Ayrıca malum piyasalardan satın alınan alkollerin saf etil alkol yerine, metil alkol olma ihtimali de oldukça yüksektir. Çünkü yurt dışından getirilen alkollerden metil alkolün fiyatı, etil alkole kıyasla en az % 50 oranında daha düşük olmaktadır. Bu tür alkolleri etil alkol adıyla satabilecek duyarsız bazı ithalatçıların olabileceği de yine unutulmamalıdır.
Etkin denetimsizliklerin yanında, uygulanan abartılı vergiler yüzünden, evlerde rakı yapımı denilen tuhaflıkları bundan böyle sanırım daha da artış göstererek izlemek durumunda kalacağız.
Rakı içme alışkanlığını az veya çok sürdüren, ancak rakı alım gücü ile rakı fiyatları arasında sıkışıp kalanları; rakı değil ama rakıya benzer içeceklere yönelen insanlarımızı bu durumda pek de suçlayamıyorum. Ancak yine de evlerde yapılan rakıların mercek altına alınması gereğine inanmaktayım. Kullanılan alkollerin bir kısmının yoğun metil alkol içerdiği, kolluk kuvvetlerince yapılan baskınlardan anlaşılmaktadır.
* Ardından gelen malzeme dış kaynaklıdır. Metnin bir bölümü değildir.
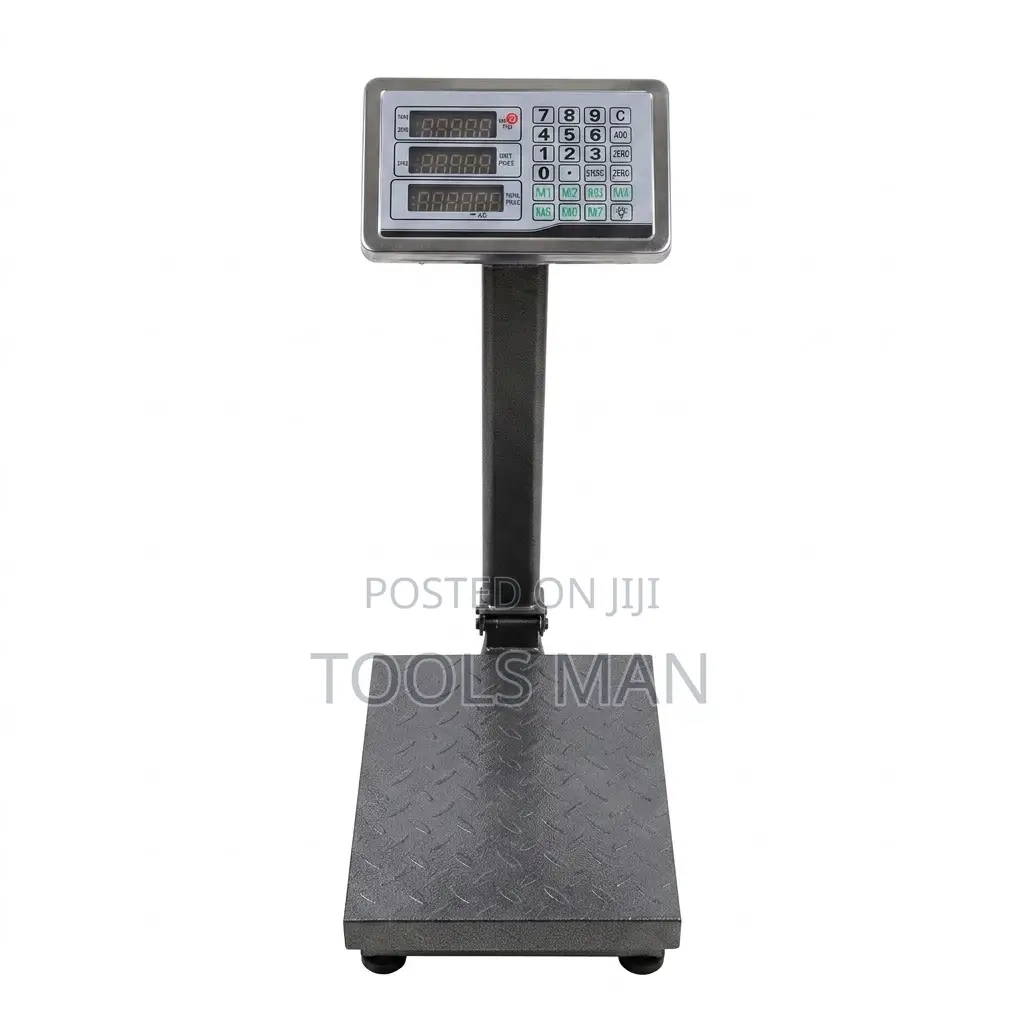 Digital Platform Weighing Scale 150kg Heavy Duty Commercial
Metil alkollerle yapılan çeşitli içecekler yüzünden toplu ölümlerin yaşandığı Hindistan ve Pakistan gibi ülkelerdeki trajedileri sırası gelmişken anımsatmak isterim. Bu tür ölümler, kaçak ve bilgisizce yapılan içki üretimlerinin doğal sonuçlarıdır.
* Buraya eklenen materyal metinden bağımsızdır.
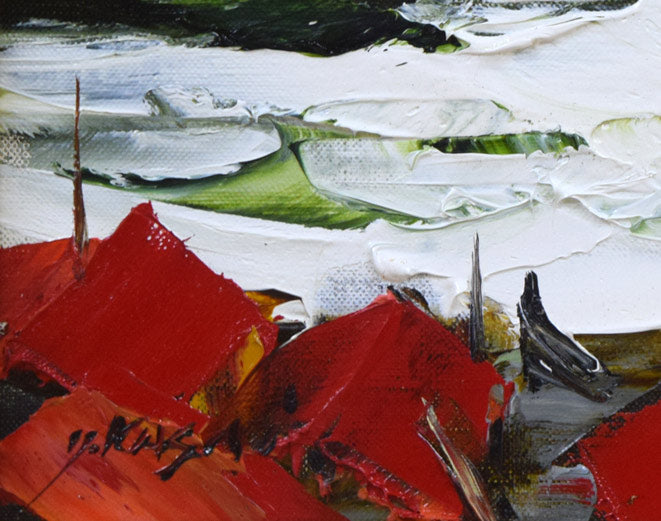 葛西 四雄「北の浜」油絵・SM 拡大画像3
Metil alkollerle veya içeriğinde yoğun metil alkol barındıran alkollerle yapılan içeceklerin her tüketilişinde illa ki kısa bir zaman sonra ölümlerle karşılaşılmaz. Bazen zaman ilerledikçe bu tür alkollerle üretilmiş rakıları tüketenlerde aşamalı olarak birçok sağlık problemleri de kendini gösterir. Günler, bazen haftalar sonra ölümcül sonuçlar ortaya çıkabilir. Büyük kentlerimizde belki bu tür trajik olaylara sıklıkla karşı karşıya gelmeyebiliriz. Ancak kontrol ve denetimlerin yeterince yapılamayan Anadolumuzun daha ıssız denebilecek noktalarında, ev yapımı rakı içenlerin başlarına nelerin gelmiş olabileceğini bilmemiz olası değil.
En hafifinden metil alkol yoğunluklu alkollerle yapılan ev rakıları yüzünden ortaya çıkan ölüm olayları, sadece medyaya yansımış bölümüdür. Yani bilinen ve saptanabilen veya ihbarlar sonucunda ortaya çıkartılabilen olaylardır.
Tekrar ediyorum , gözden ırak kent, kasaba ve kırsal bölgelerde ev yapımı rakılar yüzünden nice canlar yitip gitmektedir. Etkin önlemler alınmadıkça, ölüm olayları bundan sonra da artarak devam edecektir.